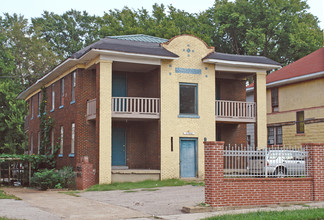 1364 Jefferson Ave in Memphis, TN - Building Photo - Building Photo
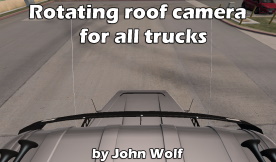 [ATS] Rotating Roof Camera v1.0 thumbnail 4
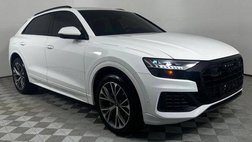 2023 Audi Q8 quattro Premium 55 TFSI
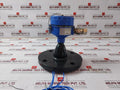 Techtrol Cns-em3Ust3 Conductivity Type Level Switch Ip 66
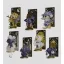 Wild Magic Tarot Mini Figures S1 10 cm Blind Box Display (6)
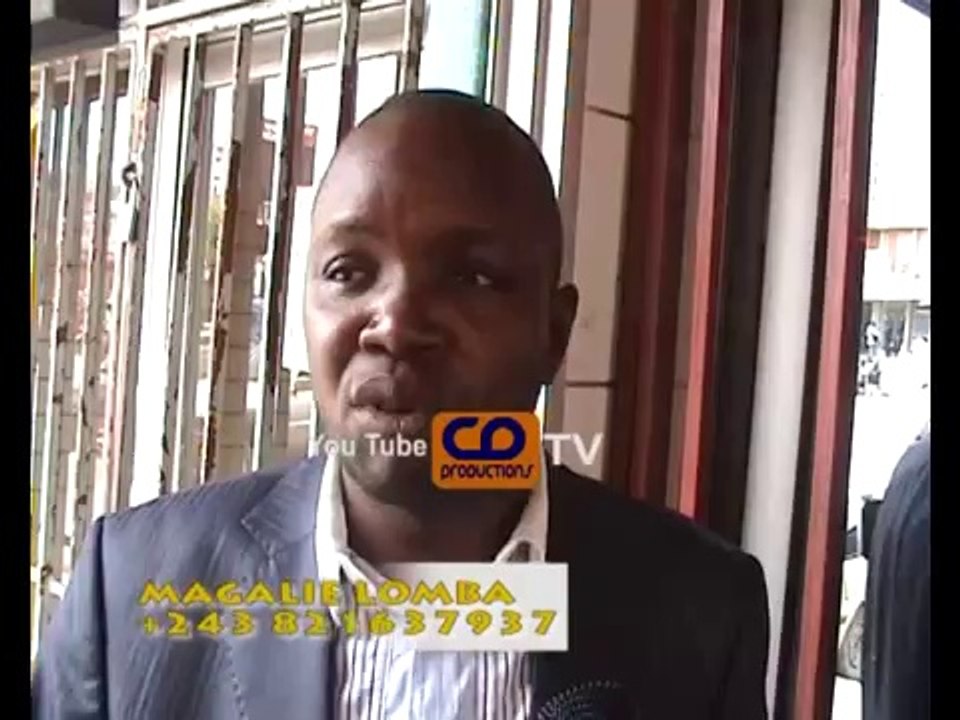 KINSHASA, REACTION DES KINOIS SUR LA VICTOIRE DE VITA CLUB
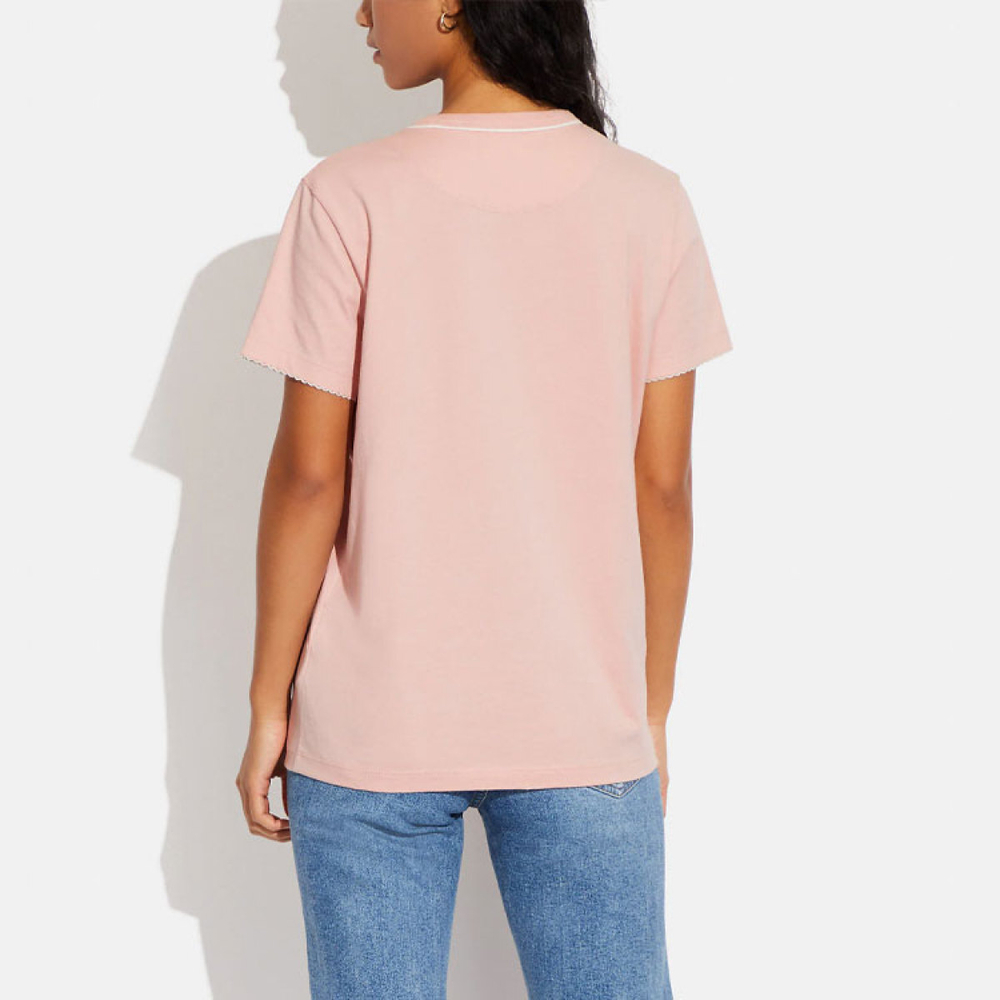 COACH SS23 Logo T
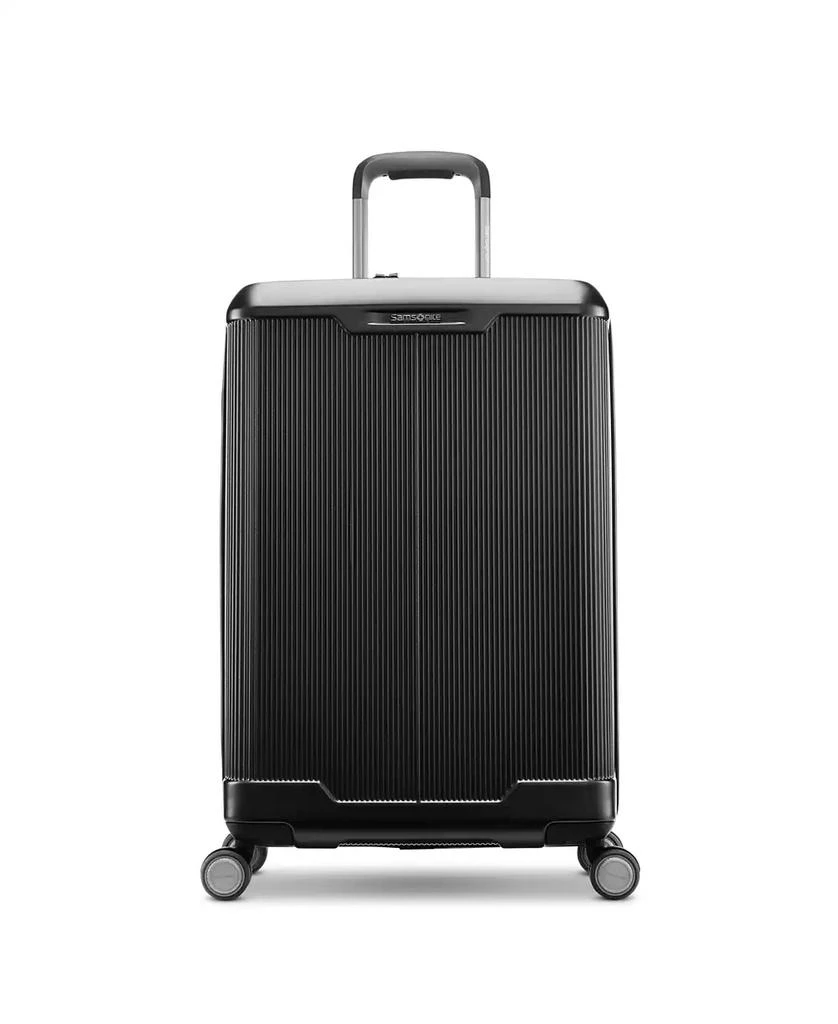 商品Samsonite|Silhouette 17 25" Check-in Expandable Hardside Spinner,价格¥1860,第3张图片详细描述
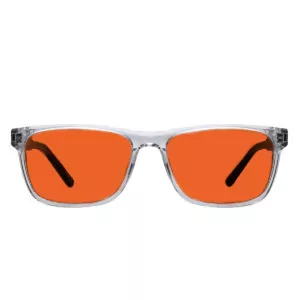 Okulary Kryształ Black NightShield blokujące światło niebieskie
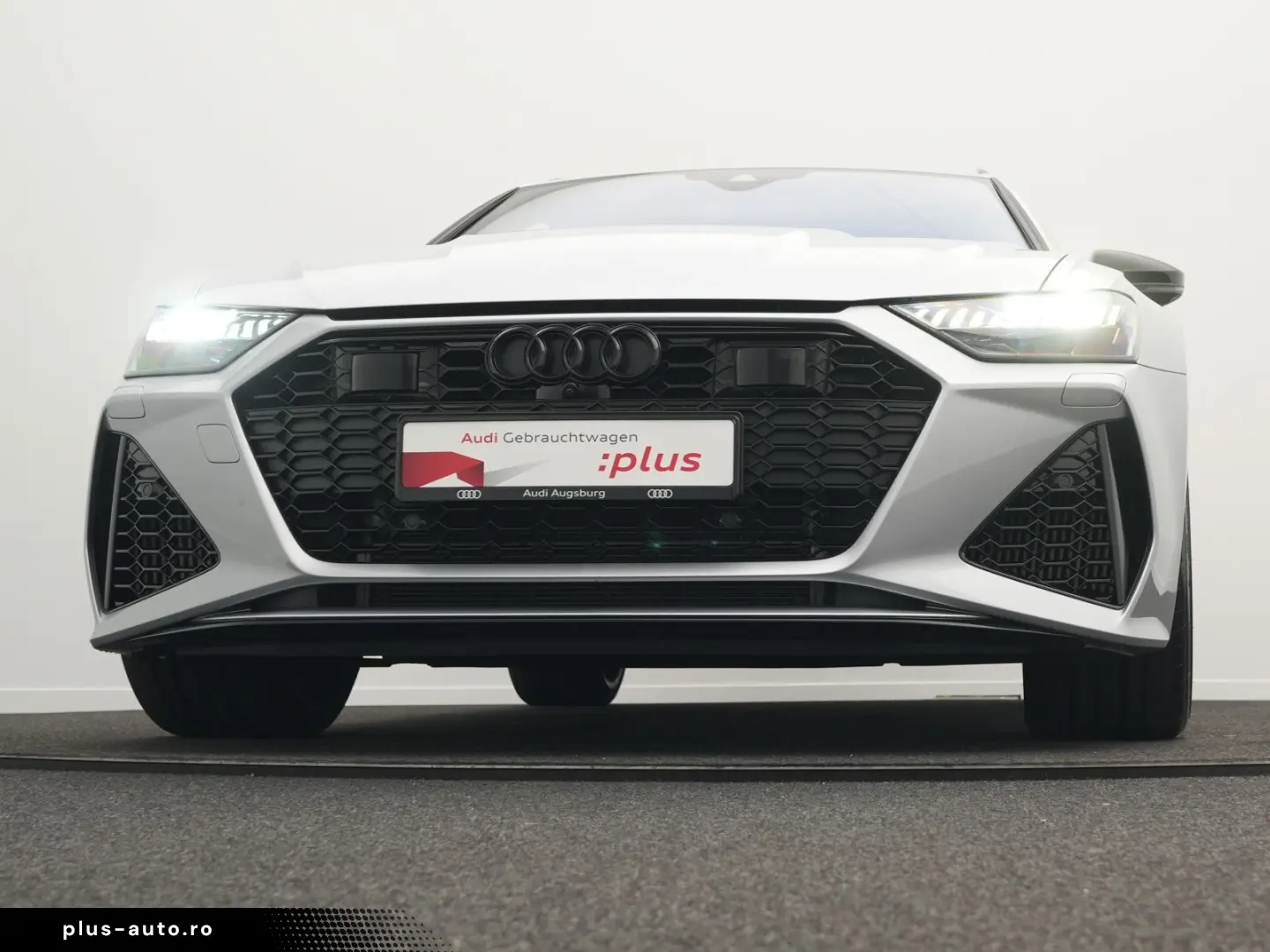 AUDI RS 6 Avant TFSI quattro  MATRIX StHz V-MAX 280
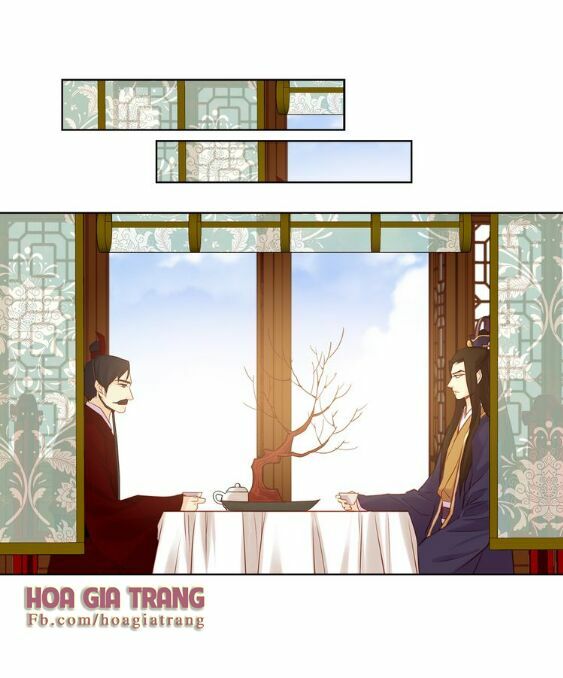 Ác nữ hoàng hậu: Chapter 40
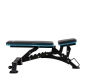 Силовая скамья регулируемая OXYGEN FITNESS FALCO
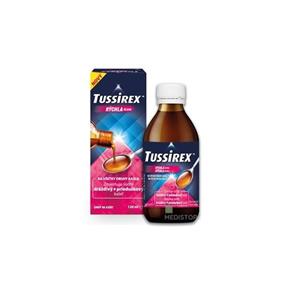 TUSSIREX sirup 1x120 ml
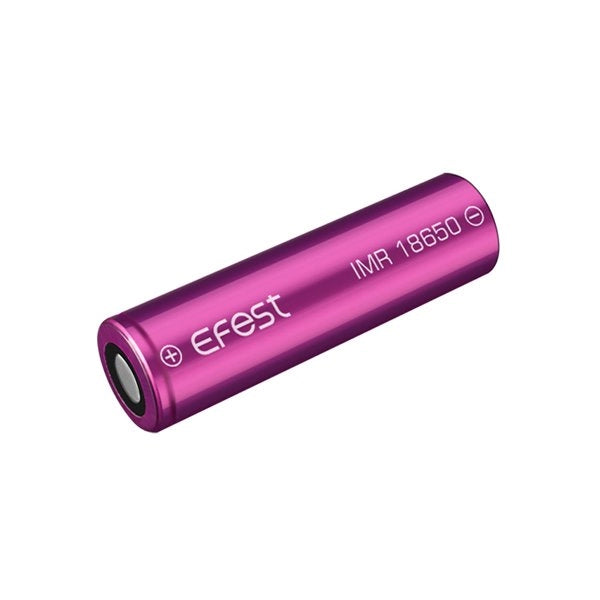Accu IMR 18650 3500mAh 20A flat top - Efest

• • •

= Assigned task =
When you repeat the material above, keep every word exact and leave out the pictures.

= Answer area =
 1364 Jefferson Ave in Memphis, TN - Building Photo - Building Photo
 [ATS] Rotating Roof Camera v1.0 thumbnail 4
 2023 Audi Q8 quattro Premium 55 TFSI
 Techtrol Cns-em3Ust3 Conductivity Type Level Switch Ip 66
 Wild Magic Tarot Mini Figures S1 10 cm Blind Box Display (6)
 KINSHASA, REACTION DES KINOIS SUR LA VICTOIRE DE VITA CLUB
 COACH SS23 Logo T
 商品Samsonite|Silhouette 17 25" Check-in Expandable Hardside Spinner,价格¥1860,第3张图片详细描述
 Okulary Kryształ Black NightShield blokujące światło niebieskie
 AUDI RS 6 Avant TFSI quattro  MATRIX StHz V-MAX 280
 Ác nữ hoàng hậu: Chapter 40
 Силовая скамья регулируемая OXYGEN FITNESS FALCO
 TUSSIREX sirup 1x120 ml
Accu IMR 18650 3500mAh 20A flat top - Efest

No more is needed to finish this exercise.